JAKARTA – Pihak lembaga Center of Reform on Economics (CORE) Indonesia menyampaikan pandangan bahwa tantangan sektor fiskal tanah air berpotensi mengalami eskalasi kenaikan manakala memasuki kurun waktu paruh semester II tahun 2026, terlepas dari performa Anggaran Pendapatan dan Belanja Negara (APBN) sepanjang enam bulan pertama yang tercatat memperlihatkan indikasi perbaikan.
Paparan tersebut disampaikan secara langsung oleh Peneliti CORE Indonesia, yakni Yusuf Rendy Manilet, dalam agenda presentasi laporan CORE Mid Year Economic Review 2026.

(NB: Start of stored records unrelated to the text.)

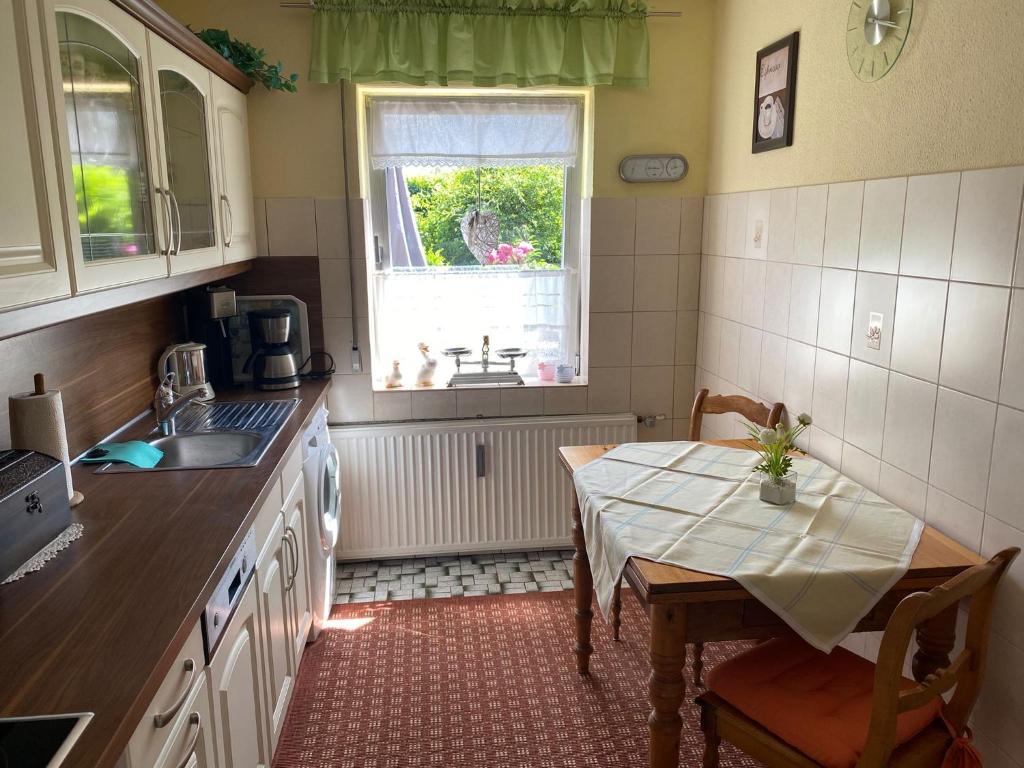 una cucina con tavolo, lavandino e finestra di Ferien-/Monteurwohnung Linge (Marienheide) a Marienheide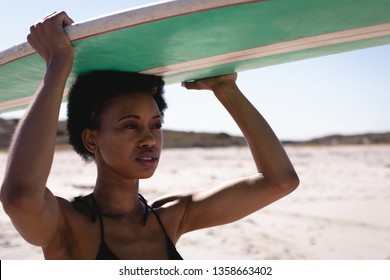 Front view of young African American woman carrying her surfboard on her head at beach in the sunshine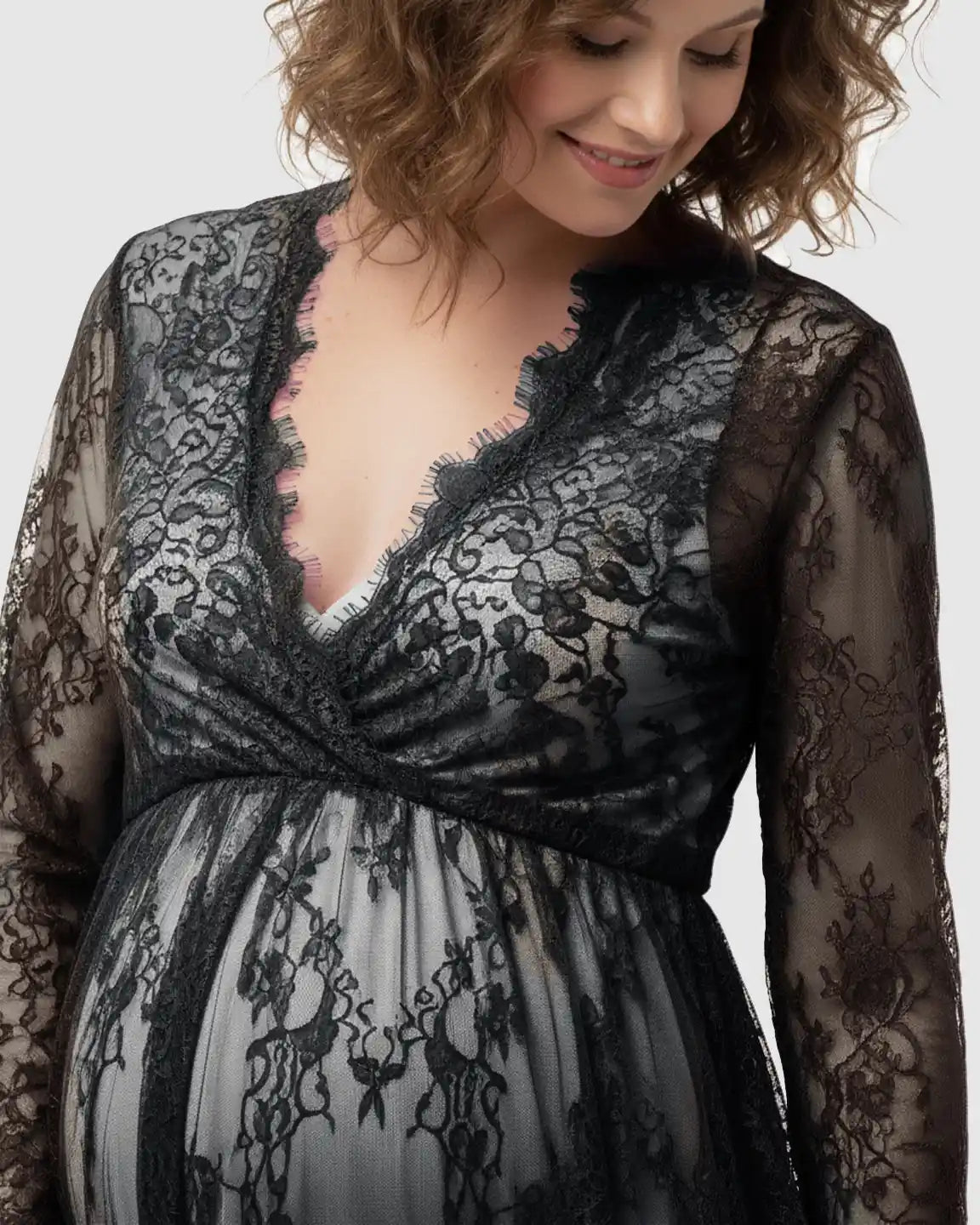 Smiling pregnant woman in a black sheer floral lace empire waist maternity maxi dress.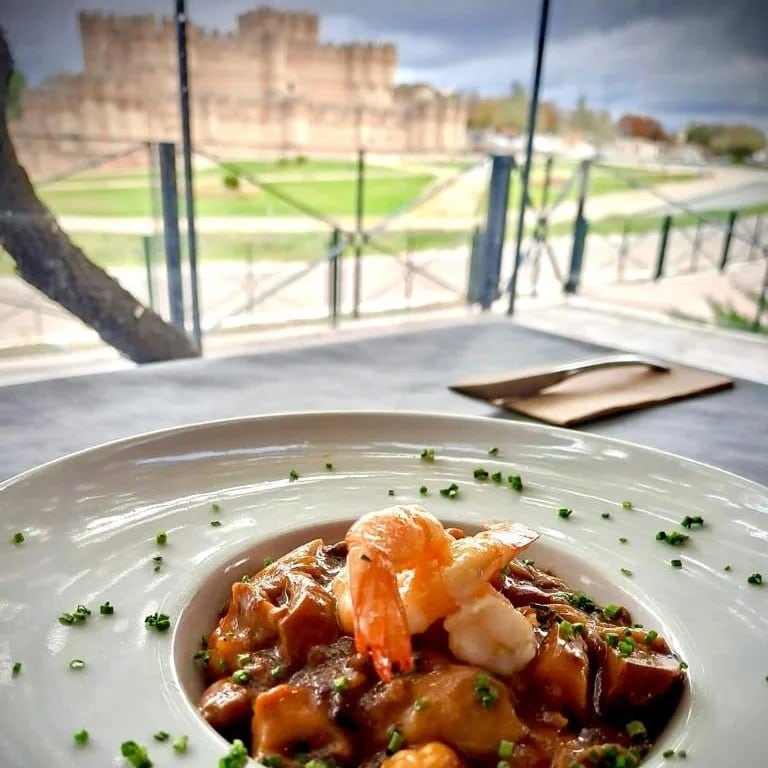 Shrimp and mushroom dish in a brown sauce, topped with a shrimp and chives, served on a white plate outdoors near a castle-like building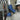 Person wearing a hard hat and blue gloves working on electrical panel with multimeter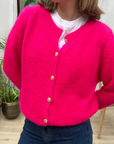GILET BOUTON-FUSHIA FLUO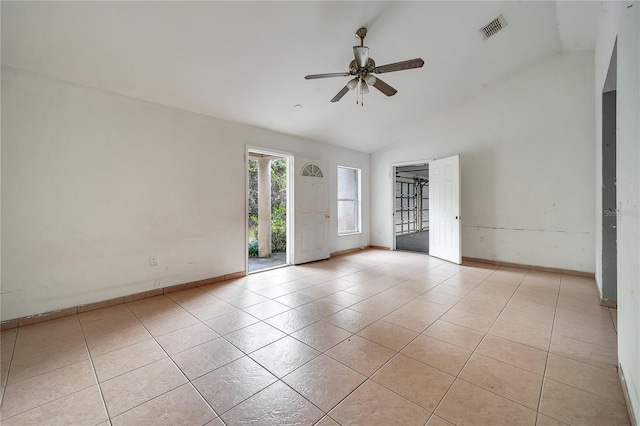 empty room featuring ceiling fan, lofted ceiling, and light tile patterned floors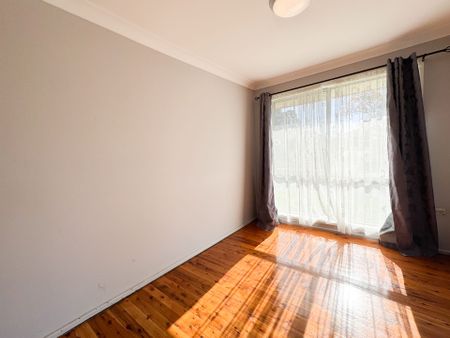 Peaceful Suburban Living in a Central, Well-Connected Location - Photo 5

Yusuf memaparkan bahwa persentase rasio besaran defisit APBN terhadap produk domestik bruto (PDB) pada pengamatan semester I tahun 2026 mengalami penurunan ke level 0,76 persen jika dikomparasikan dengan kurun waktu yang serupa pada tahun sebelumnya yang sempat menyentuh angka 0,84 persen.
Menurut pemaparannya, capaian positif tersebut utamanya digerakkan oleh faktor perbaikan perolehan pendapatan kas negara, yang mana kontribusi terbesarnya ditopang oleh sektor penerimaan perpajakan.
“Kalau yang diukur itu rasio defisit anggaran terhadap PDB, itu mengalami penurunan di semester pertama tahun ini,” ujar Yusuf, dari Sumbernya.
Ia memberikan penjelasan lebih lanjut bahwa kenaikan perolehan sektor pajak tidak sekadar dipengaruhi oleh faktor pemulihan tata kelola sistem administrasi perpajakan selepas meredanya pelbagai kendala teknis pada aplikasi Coretax, melainkan turut pula disokong oleh tren eskalasi kenaikan harga komoditas andalan strategis seperti batu bara, komoditas minyak sawit mentah (CPO), serta komoditas nikel.
BACA JUGA: Menkeu Ungkap Pendapatan Negara Capai Rp1.459,4 Triliun, Defisit APBN Tetap Terjaga BACA JUGA: Banggar DPR Tegaskan APBN 2026 Kuat, Tak Perlu Naikkan Harga BBM Seperti Usulan JK Kendati demikian, Yusuf melayangkan peringatan serius bahwa tren pemulihan fiskal tersebut mempunyai potensi besar untuk sekadar berlangsung dalam durasi yang bersifat sementara saja.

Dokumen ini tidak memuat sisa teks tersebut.